Don’t forget the $850,000 they spent on their CEO. Doing good works takes good people, but one would think you could find a quality CEO for less than $850k a year for such a noble cause.


However if the the JDRF is a parasite the American Diabetes Association is like a brain-eating amoeba, they flat out are not even looking for a cure.

They pulled in $158M in revenue, they spend anywhere between $60-52M of that on salaries and benefits, while only spending $13M on grants likely none of which are directed at a cure seeing as they get paid off by drug companies $22M a year.

Tracey D. Brown their CEO gets paid $950K a year for working 37 hours a week. I guess she delivered on the revenue increase she promised, however she dropped grants from $32M last year to $13M, yep your delivering on our mission.

If you dig in the numbers just a little bit its really disgusting. These guys spend $9.3M in occupancy, $2.7M in travel, $5.1M in employee benefits, even $1.3M in pension plan expense, yet only are giving out grants of $13M. This place is like the ultimate false prophet marketing advertising machine, truly disgusting.

Their 2018 Form 990


And all of this is why I try to give local to small effective organizations that spend far more on their missions and in many cases don’t pay their executives.


Why do they only spend $177,000 on lobbying? You can hardly get one appointment with a congressman for that.


I used to look for a cure. I’m not looking for it anymore. I’m happy kicking ass everyday as it is.

We used to donate years ago, but we stopped.

The thing is, I do it for free. Same as everyone here on FUD.

I find it liberating to just do it all myself without relying on JDRF. I no longer give them anything, so I no longer care what they do with their money.

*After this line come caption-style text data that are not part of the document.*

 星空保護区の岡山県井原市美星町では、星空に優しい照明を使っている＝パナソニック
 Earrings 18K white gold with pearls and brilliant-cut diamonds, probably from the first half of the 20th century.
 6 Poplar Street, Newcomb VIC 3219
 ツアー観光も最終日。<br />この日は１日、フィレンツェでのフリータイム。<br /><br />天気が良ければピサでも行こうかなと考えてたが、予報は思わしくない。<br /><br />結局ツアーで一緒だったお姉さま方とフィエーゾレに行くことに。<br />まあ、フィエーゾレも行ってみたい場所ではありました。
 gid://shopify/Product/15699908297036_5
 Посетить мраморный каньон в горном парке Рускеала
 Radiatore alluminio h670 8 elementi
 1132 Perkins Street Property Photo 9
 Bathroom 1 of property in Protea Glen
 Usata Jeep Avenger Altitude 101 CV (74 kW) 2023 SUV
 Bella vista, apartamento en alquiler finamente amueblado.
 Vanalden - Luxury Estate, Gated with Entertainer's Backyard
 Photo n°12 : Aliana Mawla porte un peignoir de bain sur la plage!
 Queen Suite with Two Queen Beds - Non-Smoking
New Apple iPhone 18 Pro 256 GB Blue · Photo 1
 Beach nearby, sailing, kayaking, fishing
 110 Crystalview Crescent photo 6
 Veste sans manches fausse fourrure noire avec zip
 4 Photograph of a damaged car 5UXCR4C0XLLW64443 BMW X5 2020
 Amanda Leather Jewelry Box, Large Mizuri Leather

When they find a cure, tell me the day after, not 5 years before. :+1:


Imagine if they spent their entire budget for one year buying off congressmen and women and dedicating themselves to making insulin affordable. Insulin would probably cost the same as the rest of the world, the Congress-critters would be happy, and except for the scientists that missed out on one year of grants the whole diabetic community would be able to rejoice.


Fair to criticize some of their spending, including that huge CEO salary, but perhaps saying that only $29 million goes to cure research and discounting all the rest of the $108M in research is not so fair.

Looking at the graphic you provide, there is apparently another $30M that goes to “research across our portfolio” which includes cure research (maybe basic research?). Also, I wouldn’t discount the $28M they spend on treatment research. It seems like improvements in treatment (CGMs particularly) have yielded the most benefit to Type 1s so far.

As to the money spent on prevention research, I’d be interested to know how other people feel. On the one hand, preventing diabetes is unquestionably a major societal good. On the other hand, I do selfishly somewhat dread a major advance in that area as it could leave us current Type 1s as a shrinking group of “disease orphans.” But, really, not wanting a way of preventing Type 1 diabetes is like wishing this on people which is pretty indefensible.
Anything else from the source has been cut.